Principles of Data Processing. The CPA requires that controllers follow certain principles and duties of data processing. These include the duty of purpose specification, data minimization, and limiting secondary use. Controllers have a duty of care to take reasonable security measures to secure personal data from unauthorized acquisition during storage and use. Controllers may not violate federal and state laws prohibiting unlawful discrimination against consumers when processing personal data. Finally, controllers must obtain the consumer's consent before processing sensitive data. These requirements are similar to the principles included in the VCDPA and CPRA.
Data Protection Assessments. In addition to imposing a duty on businesses to use reasonable security measures to protect personal data, the CPA also requires that the controller conduct data protection assessments for high-risk processing. The Act includes a list of circumstances that are considered high-risk, as well as the requirements that the data protection assessments must meet, including the benefits, risks, and mitigating safeguards of the intended processing.

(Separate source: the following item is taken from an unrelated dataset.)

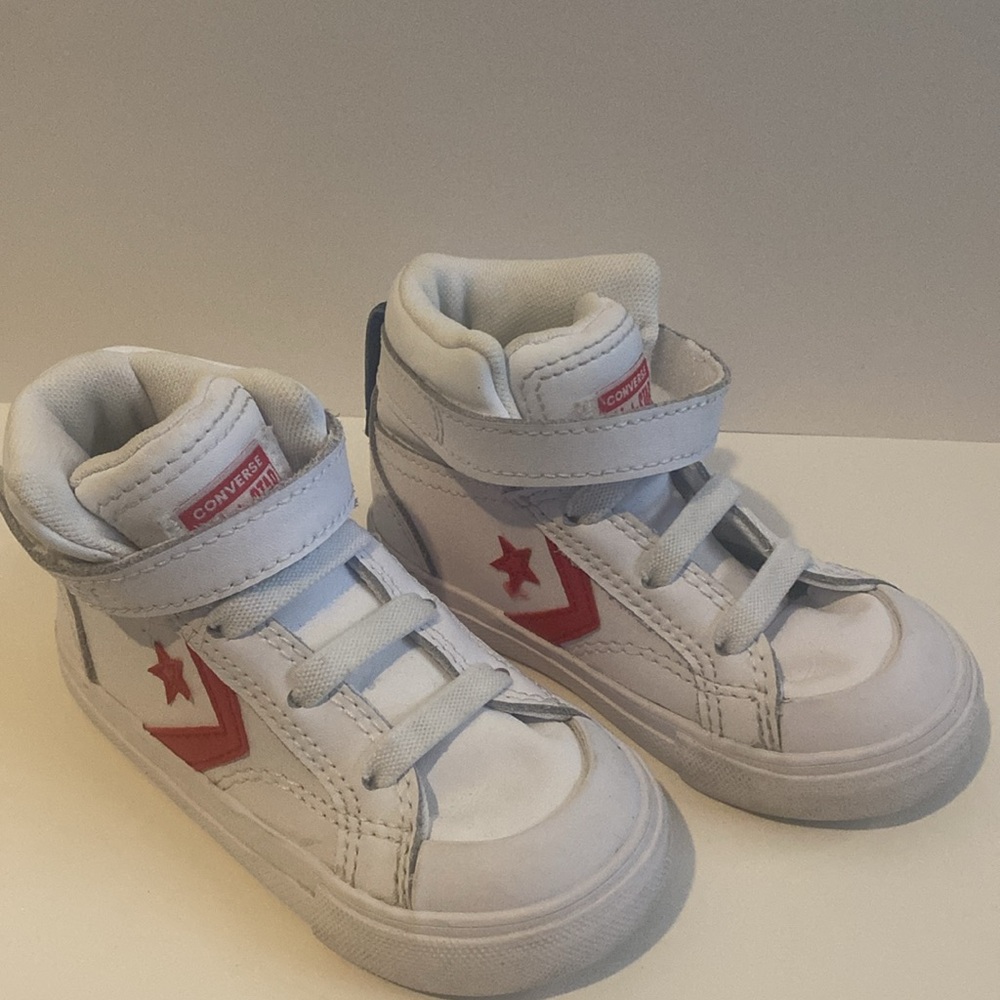 Converse - Picture 2 of 3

Enforcement. The CPA gives enforcement authority exclusively to the Colorado state attorney general and district attorneys, and specifically states that it does not create a private right of action. Before taking legal action against a violator of the CPA, the attorney general or district attorney must issue a notice of violation to the controller, giving them sixty days to cure the violation. Violations of the CPA are deemed to be deceptive trade practices under the state's unfair or deceptive trade practices law.

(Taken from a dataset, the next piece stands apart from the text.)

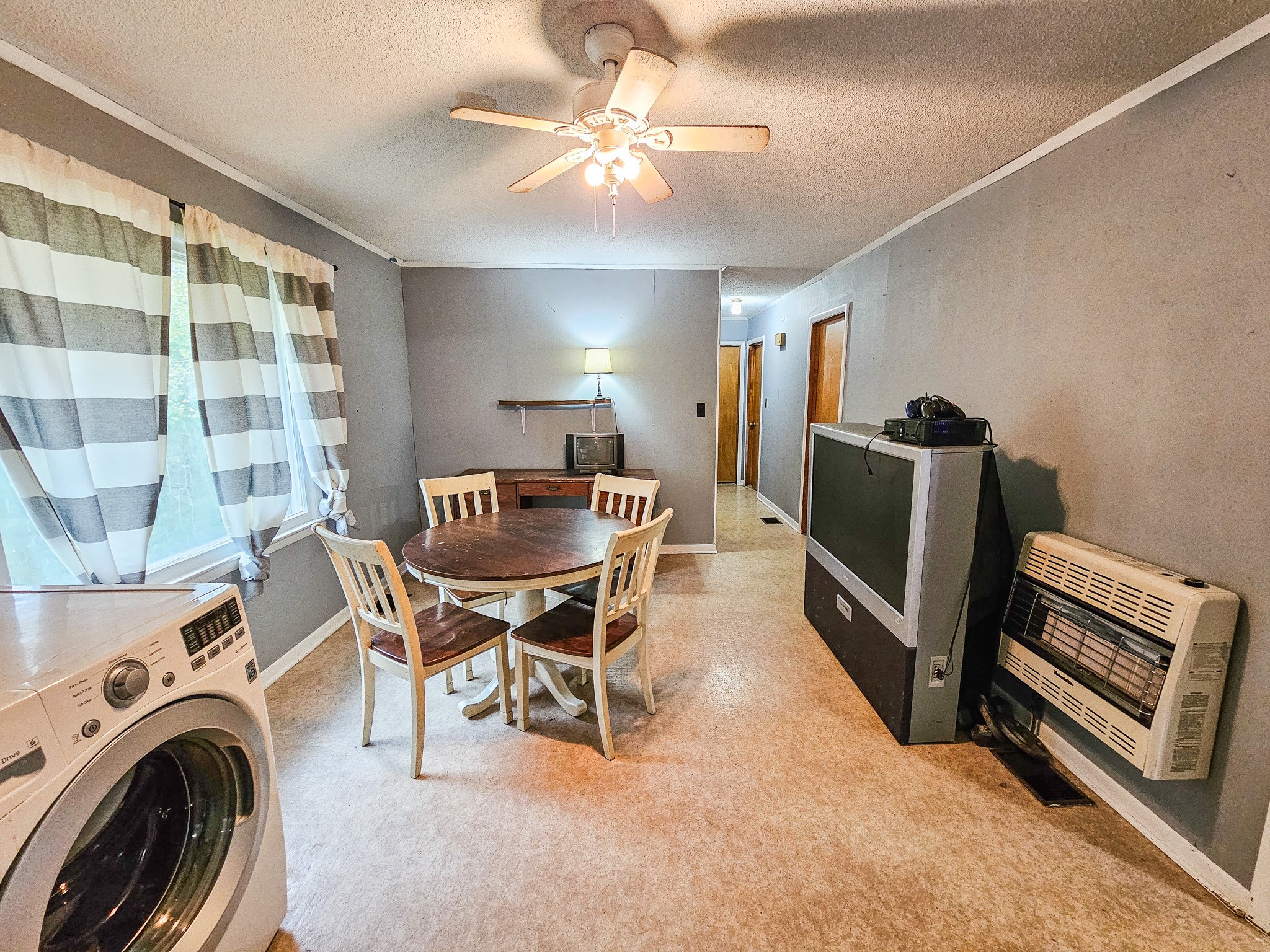 495 Salem Road Minor Hill, TN 38473 - Photo 18 of 30 a dining room with furniture and window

Steps To Prepare For Compliance
While the CPA effective date is almost two years away, businesses should consider the following activities now:
- Updating the organization's business privacy notice to ensure it conforms to the CPA's requirements;
- Preparing processes and templates for conducting data protection assessments;
- Auditing the business to ensure it has implemented the core principles for data processing into its operations;
- Putting in place a process to respond to consumer privacy requests;
- Begin the process of redrafting contracts with vendors as needed so that there are CPA-compliant contracts in place by the effective date; and
- Ensuring that the business can demonstrate its compliance with the CPA requirements.

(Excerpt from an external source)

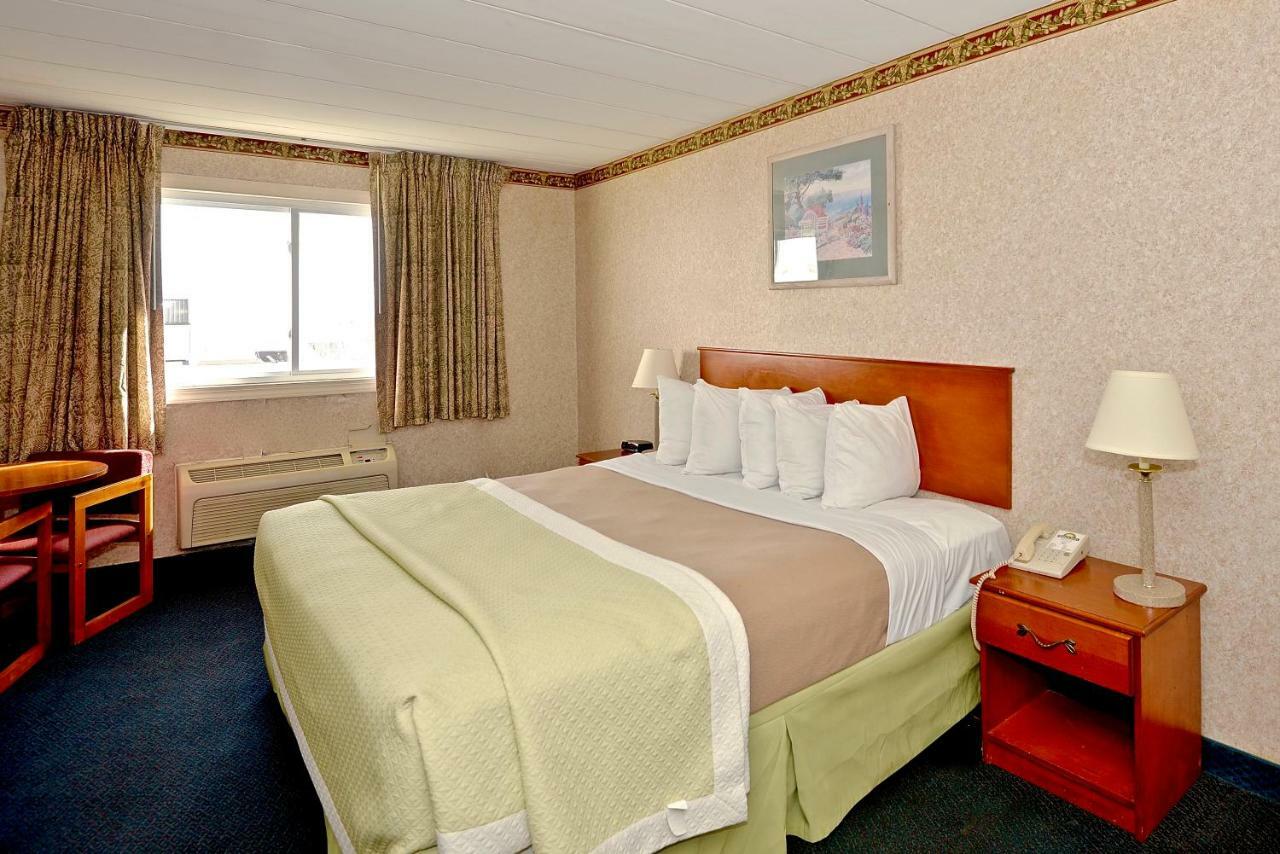 Motel Days By Wyndham Atlantic Beachblock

Businesses that start compliance efforts sooner rather than later and leverage their existing processes can ensure that compliance efforts are undertaken in a way that conserves resources and maximizes efficiency. In addition, given the other privacy laws that are pending and those that were proposed and failed this year, having a plan in place to achieve compliance can allow businesses to incorporate new requirements that arise as a result of additional state privacy legislation that may pass in the future.